**WHAT TO PRODUCE:** Write out each line below precisely, passing over the pictures.

Stored data entries

▼

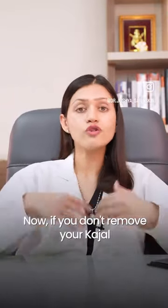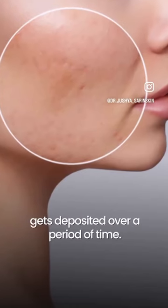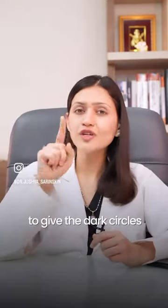Now, if you don't remove your kajal thoroughly at bedtime, this little pigmentation gets deposited over a period of time to give you the dark circles.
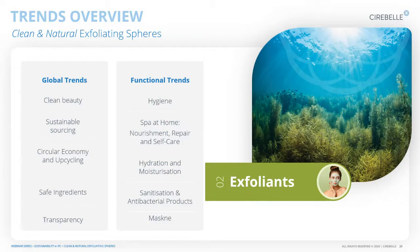This is where Cerebell offers its exfoliation solution to these trends. Our exfoliants answer the clean beauty question, sustainability, circular economy, safe ingredients, and we advocate for transparency — we are listed on the Novi platform, which advocates for transparency and clean beauty in the personal care space. In terms of functional trends, our exfoliants answer the spa-at-home, nourishment, and hydration needs. Because the spheres are completely round and spherical, they are the perfect mild exfoliant to use even for the maskne trend.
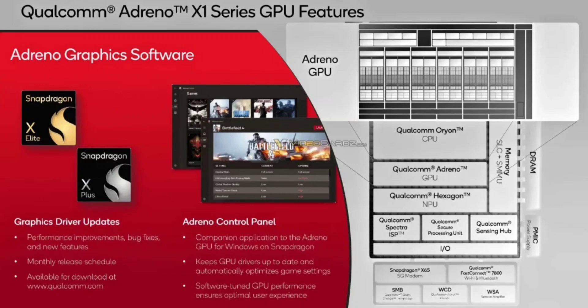Qualcomm is also introducing the Adreno Control Panel, a dedicated application for managing game optimization and driver updates. This focus on user control and continuous improvement suggests Qualcomm's commitment to refining the Adreno X1's performance over time, with updates promised at least once a month.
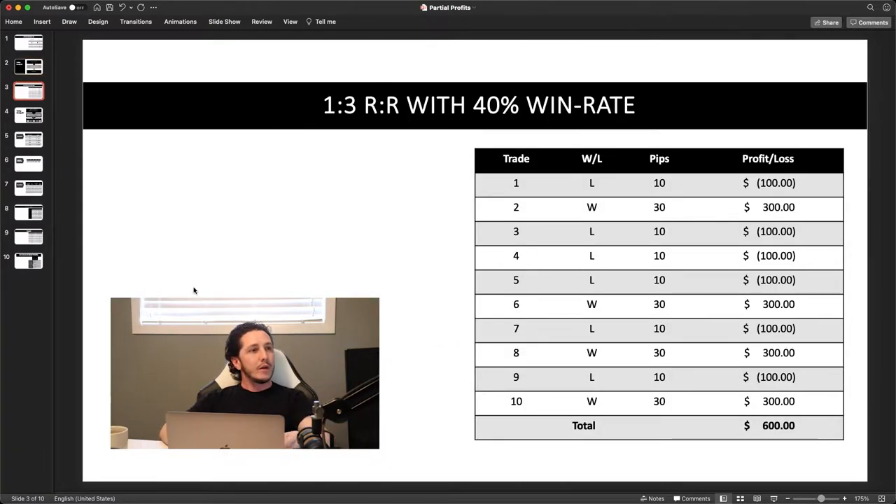With a one-to-three risk-to-reward and a 40% win rate, based on 10 trades — four wins and six losses — it still gives us a net profit of $600. You only have to win 40% of the time and come out on top with $600 trading one standard lot. So if you want to just enter the trade, let it run to your take profit or stop loss, you may still make money — it's a very simple strategy. However, we're going to look into taking partials.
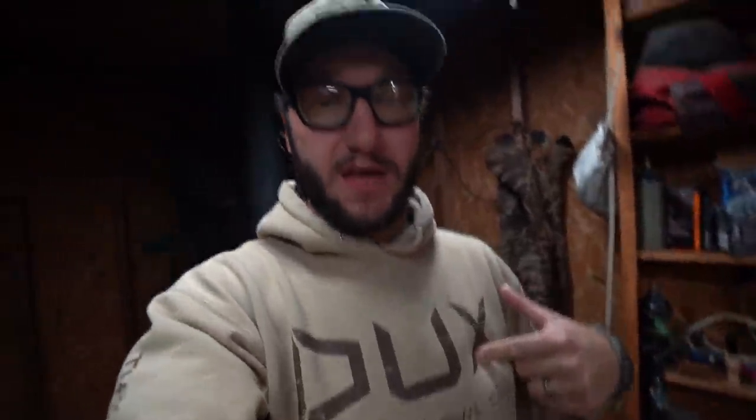Today's video is sponsored by duckswaterfowl.com. If you haven't checked everything over at duckswaterfowl.com, you ought to — there's something over there for every duck hunter. Whenever you guys pick up something from Ducks, it goes directly to helping me bring you guys more hunting videos. I'll link all the Ducks gear down in the description below — head on over there and see if there's something you like.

▲

**EXPECTED ANSWER:**
Now, if you don't remove your kajal thoroughly at bedtime, this little pigmentation gets deposited over a period of time to give you the dark circles.
This is where Cerebell offers its exfoliation solution to these trends. Our exfoliants answer the clean beauty question, sustainability, circular economy, safe ingredients, and we advocate for transparency — we are listed on the Novi platform, which advocates for transparency and clean beauty in the personal care space. In terms of functional trends, our exfoliants answer the spa-at-home, nourishment, and hydration needs. Because the spheres are completely round and spherical, they are the perfect mild exfoliant to use even for the maskne trend.
Qualcomm is also introducing the Adreno Control Panel, a dedicated application for managing game optimization and driver updates. This focus on user control and continuous improvement suggests Qualcomm's commitment to refining the Adreno X1's performance over time, with updates promised at least once a month.
With a one-to-three risk-to-reward and a 40% win rate, based on 10 trades — four wins and six losses — it still gives us a net profit of $600. You only have to win 40% of the time and come out on top with $600 trading one standard lot. So if you want to just enter the trade, let it run to your take profit or stop loss, you may still make money — it's a very simple strategy. However, we're going to look into taking partials.
Today's video is sponsored by duckswaterfowl.com. If you haven't checked everything over at duckswaterfowl.com, you ought to — there's something over there for every duck hunter. Whenever you guys pick up something from Ducks, it goes directly to helping me bring you guys more hunting videos. I'll link all the Ducks gear down in the description below — head on over there and see if there's something you like.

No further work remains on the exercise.